When it comes to spying, secrecy and accountability are not mutually exclusive

Barton Gellman, who led a Washington Post team that revealed NSA surveillance measures, has argued that our interest in “self-government” requires that the public know “the secret policy decisions the government is making for us.” I have responded that our interest in self-government is sufficiently vindicated in cases like spying that require secrecy as long as the political process determines who makes the secret decisions and provides for checks against abuse.

The work of the NSA meets this test because it is conducted under the direction of our elected president and is subject to review by our elected legislative branch. It is also subject to judicial review.

I don’t mean to suggest that this system is ideal. Ideally, the public would know what decisions the executive is making and Congress and the judiciary are countenancing. The public could then punish elected officials with whose balancing of national security and privacy interests it disagrees. That’s self-government at its best.

The problem, of course, is that if the public knows what secret surveillance measures the NSA is taking, the measures will no longer be secret. They will then become less effective, if effective at all.

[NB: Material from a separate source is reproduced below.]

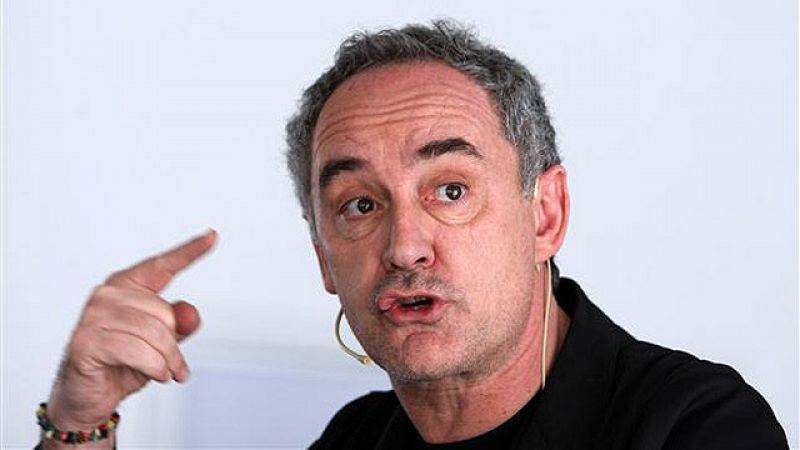 Más Gente - Ferran Adrià nos desvela sus secretos en 'El Bulli: Cooking in progress'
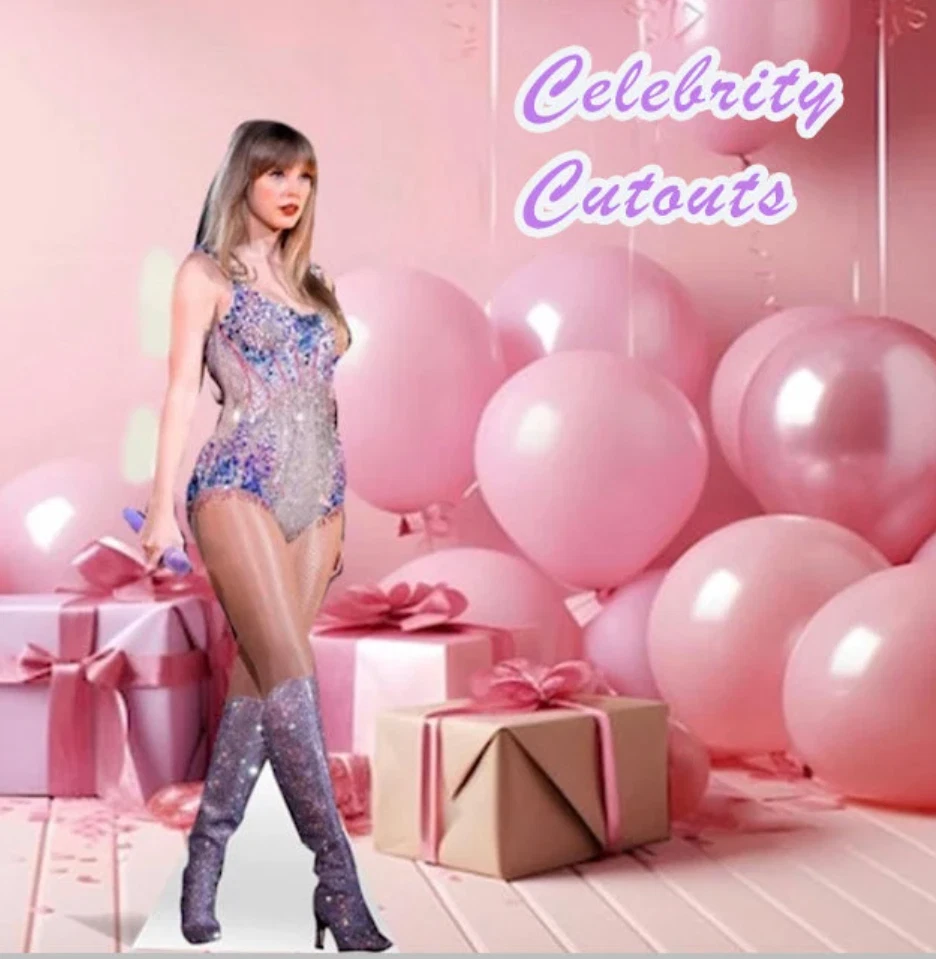 Recortes personalizados de tamaño natural de 5 pies para fiestas de cumpleaños y otros eventos Foto 2 de 4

Moreover, although less than ideal from the standpoint of self-government, secret decisions that balance national security and privacy interests are not entirely insulated from public scrutiny. The public can’t review the decisions when they are made, but it can observe the consequences and punish elected officials for bad ones.

If the government errs on the side of privacy interests, fails as a result to connects dots, and therefore fails to learn about a deadly attacks, the public will learn about the failure, as it did following 9/11. It probably will become irate.

If, on the other hand, the government engages in abuses such as using information obtained from secret surveillance against Americans for reasons unrelated, or insufficiently related, to fighting terrorism, the victims can be expected to scream. The public probably will become irate.

From all that appears, NSA has not used information obtained through its surveillance programs against Americans for reasons insufficiently related to fighting terrorism. But if it did, the political process provides a potential remedy, even if the Washington Post and others do not disclose the NSA’s secret programs.

But there is no remedy for the Post’s disclosure. Once it decides to tell the world about a given NSA surveillance technique, the NSA typically can no longer use that technique effectively. And the public cannot “unelect” the reporters, editors, and managers of the Washington Post.

All that remains for those who worry about protecting this country from terrorist attacks is to take what solace we can from Bart Gellman’s self-serving claim that he and his colleagues have “been as careful as we could be to balance the public interests in self-government and self-defense.” I take none.